• Data:
+--
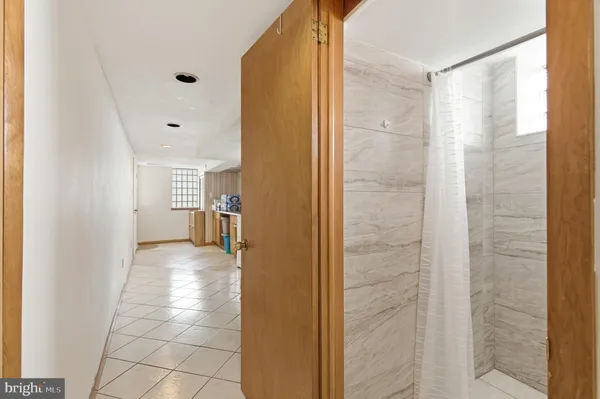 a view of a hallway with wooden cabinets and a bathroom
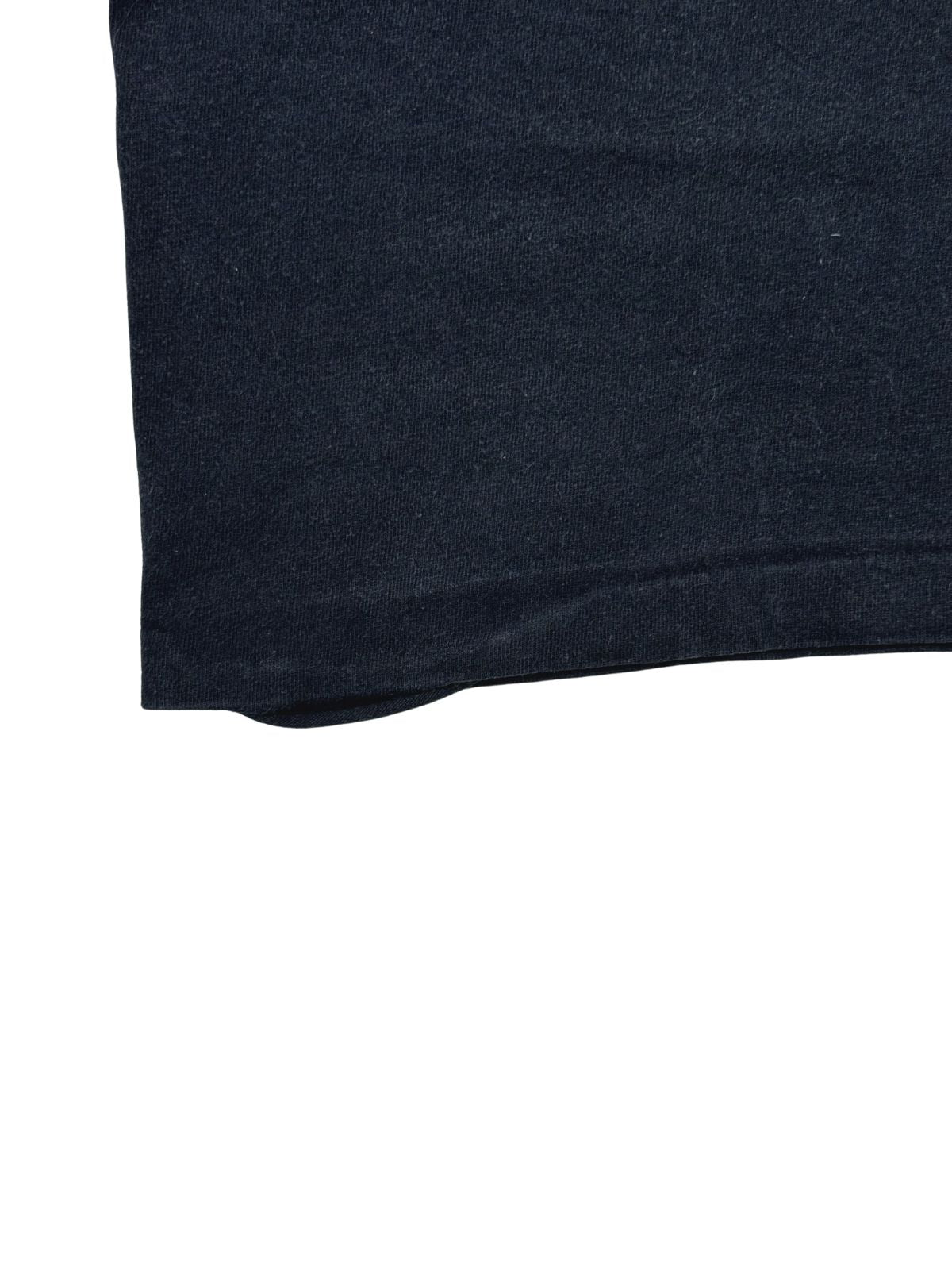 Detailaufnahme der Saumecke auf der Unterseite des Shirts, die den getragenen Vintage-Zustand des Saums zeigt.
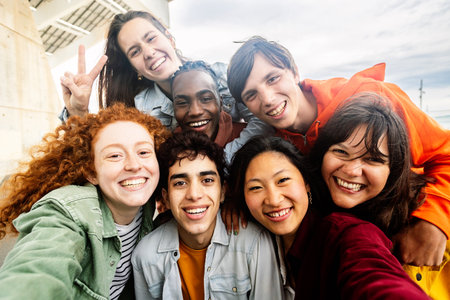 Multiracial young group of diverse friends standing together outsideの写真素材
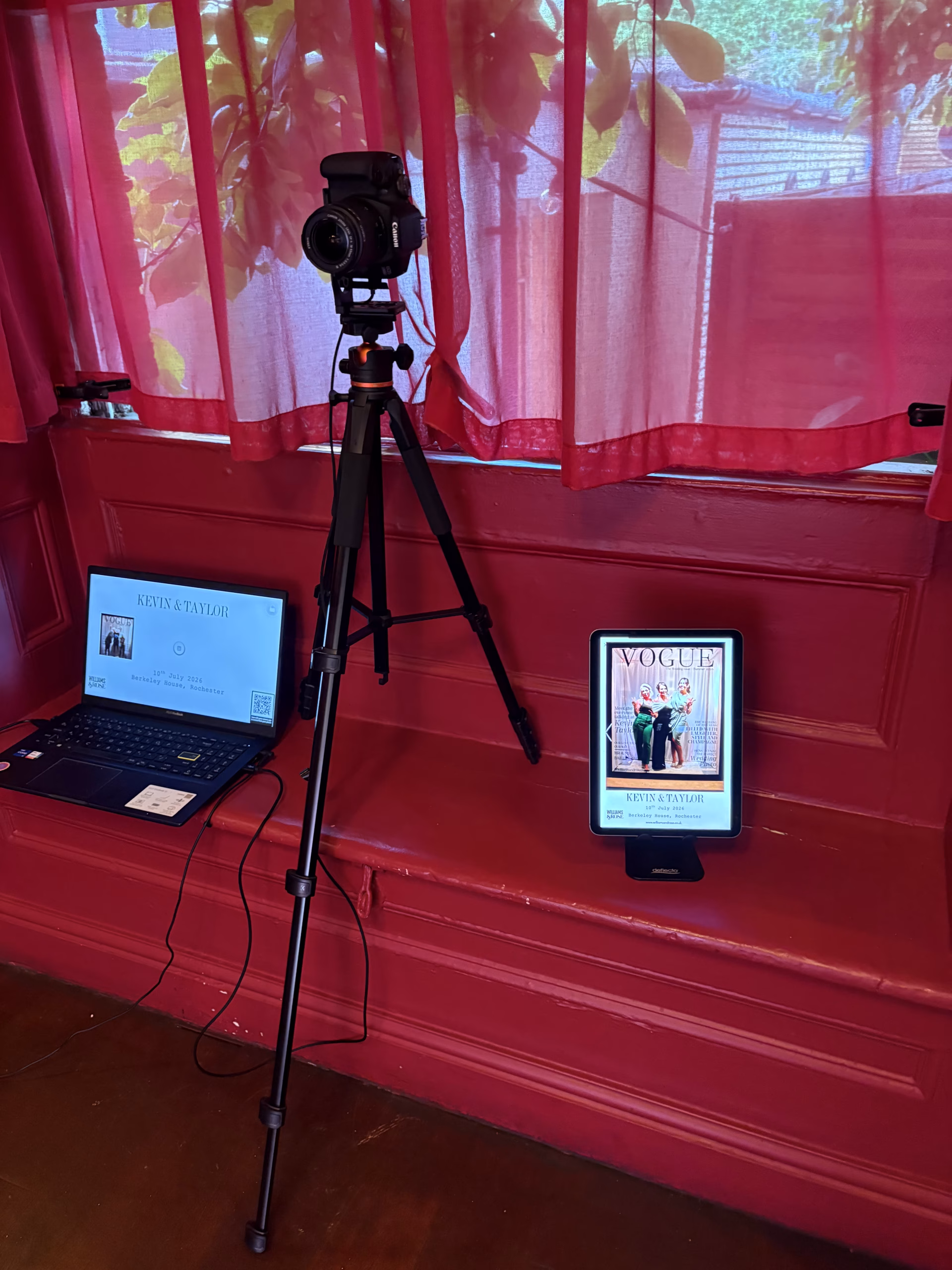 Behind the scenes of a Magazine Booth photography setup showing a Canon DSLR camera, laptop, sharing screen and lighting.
+--
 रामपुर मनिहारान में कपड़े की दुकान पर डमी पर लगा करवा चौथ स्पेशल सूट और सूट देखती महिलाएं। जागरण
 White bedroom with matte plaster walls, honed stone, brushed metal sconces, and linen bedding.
+--
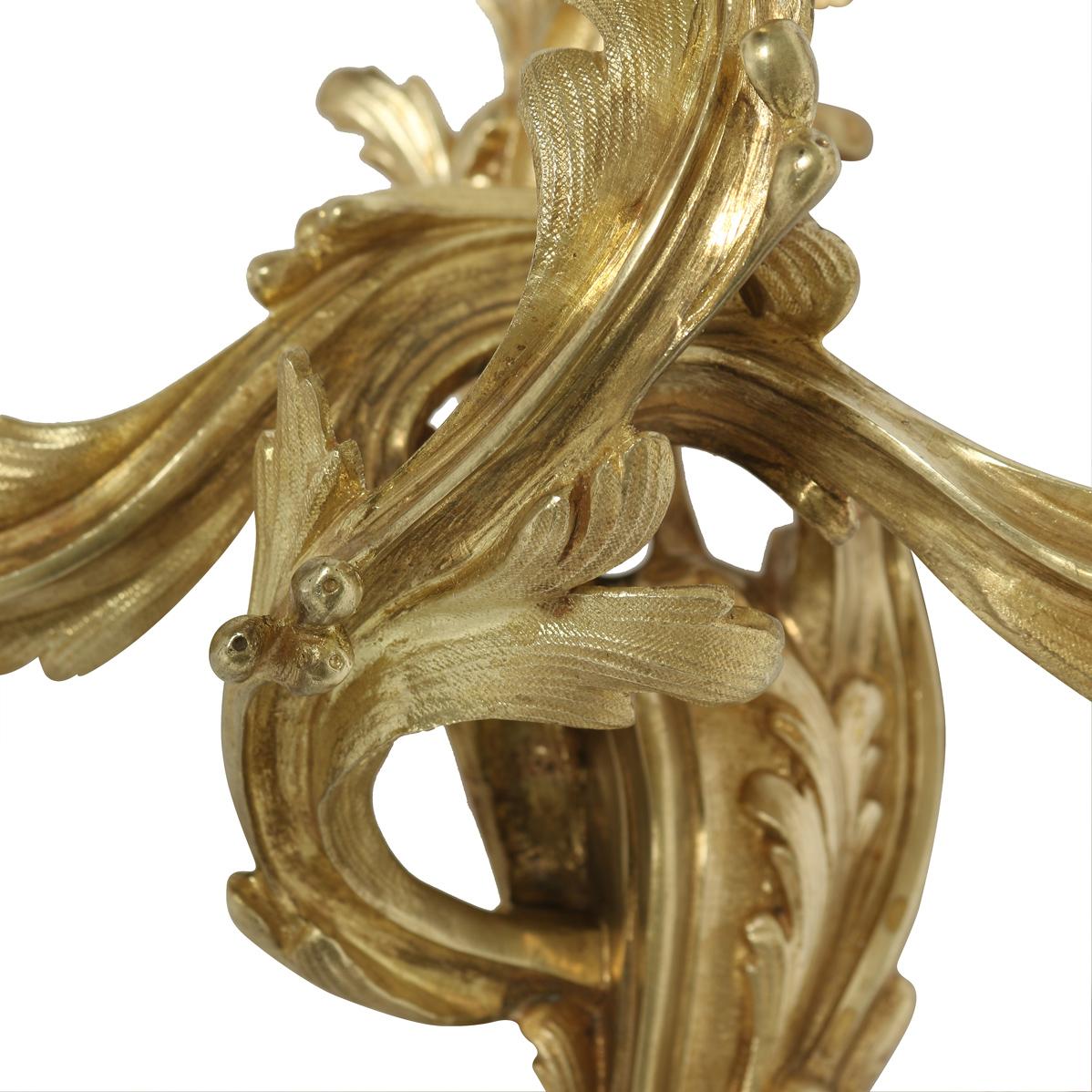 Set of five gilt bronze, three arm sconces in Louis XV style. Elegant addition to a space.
+--
Look above for the line containing "Detailaufnahme der Saumecke", then write out every line from there down to the line containing "Behind the scenes", that line included, with no pictures.

• Solution to this exercise:
 Detailaufnahme der Saumecke auf der Unterseite des Shirts, die den getragenen Vintage-Zustand des Saums zeigt.
 Multiracial young group of diverse friends standing together outsideの写真素材
 Behind the scenes of a Magazine Booth photography setup showing a Canon DSLR camera, laptop, sharing screen and lighting.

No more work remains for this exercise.